Chip behemoth Intel (INTC - Free Intel Stock Report) reported fairly good news for the March quarter. More specifically, earnings per share came in at $0.53, which although a few cents below the prior-year tally, managed to outdistance our initial $0.50 estimate. Revenues outpaced last year's figure, at just over $12.9 billion, which is particularly impressive, given the somewhat uneven economic recovery. However, the gross margin came in at 64%, which was a tad lower than we had expected.

PC Client Group revenue was down 7% on a sequential basis, at $8.5 billion. (Investors should keep in mind that the December period is Intel's strongest seasonally.) Also, the Other Intel Architecture Group slipped modestly from the December quarter, to $1.1 billion. Particularly noteworthy is that Data Center Group revenue declined approximately 10% from the prior period, to $2.5 billion, and was flat relative to last year. It also should be noted that this segment had been particularly strong in recent quarters, and helped to offset sluggishness in the personal computer market. Thus, the relatively lackluster results in this segment may be something to keep an eye on. On the other hand, the first quarter of 2012 benefited from full-quarter revenue contributions from last year's McAfee and Infineon Wireless Solutions acquisitions.

As a result of the recent news, we have upped our full-year revenue outlook to $56.875 billion, a slight increase from our initial $56.560 billion estimate. Additionally, full-year earnings per share are likely to be $2.45, a nickel increase from our early-April full-page review. We also have increased our June-period revenue and earnings estimates to $13.6 billion and $0.56 a share, respectively. The gross margin, however, will probably decline a bit compared to the March-period level.

Intel stock fell modestly, despite the decent earnings showing. We believe that this might reflect the aforementioned sluggishness in the Data Center Group, coupled with a less-than-sanguine gross margin view for the June period. What's more, although the company outdistanced Wall Street's expectations for the period, we believe that some had anticipated an even stronger showing.

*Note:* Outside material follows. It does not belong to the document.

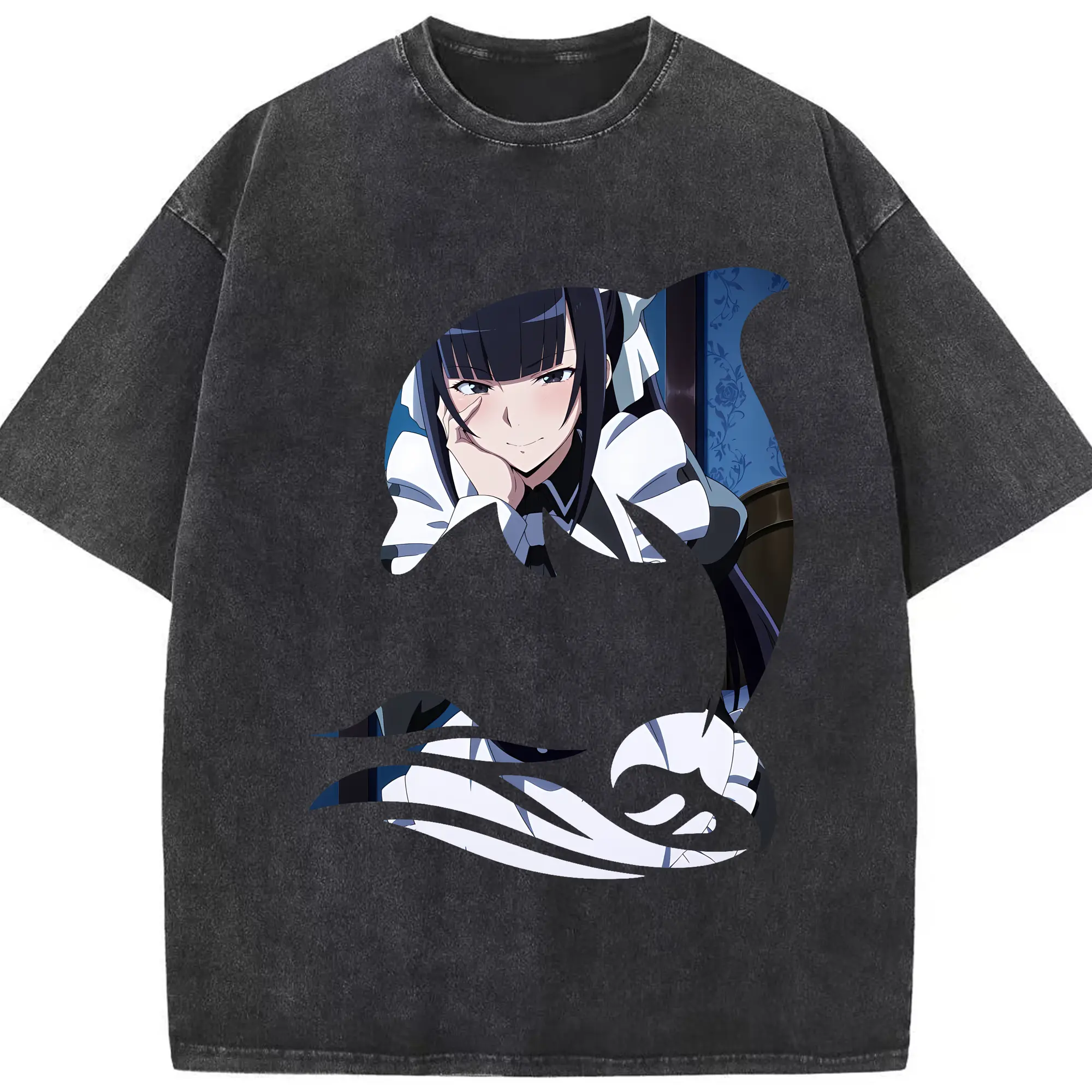 オーバーロード グッズ ナーベラル・ガンマ - 綿100％ ヴィンテージ風 半袖Tシャツ ・ フロントプリント ・ 柔らか肌触り ・ 通気性 快適 ・ スポーツ カジュアル 外出用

We continue to like the Intel story for the longer term. The company will continue to be the market leader in the personal computer chip sector for years to come. However, this segment is relatively mature, and thus, top-line growth there might well be only moderate. With that in mind, Intel will likely continue to augment its manufacturing processes in order to increase efficiency and reduce costs, and thus give it a leg up on the competition. Its pristine balance sheet is also a plus. What's more, Intel continues to strive to diversify its operations. Last year's acquisitions of McAfee and Infineon's Wireless Solutions business are a step in the right direction, in our view. Furthermore, the company plans to enter the Internet-based TV service market, which is an interesting endeavor to keep an eye on. The stock offers a yield that is solid, particularly compared to its technology peers, and the payout is secure.

About The Company:Intel Corporation is a leading manufacturer of integrated circuits. In addition to primarily supplying manufacturers of personal computers, the company serves a multitude of other global markets, including communications, industrial automation, military, and other electronic equipment. Intel’s product line consists of microprocessors, with the Pentium series being the most notable. It also manufactures microcontrollers and memory chips, and the company sells computer modules and boards, and network products.

At the time of this article’s writing, the author did not have positions in any of the companies mentioned.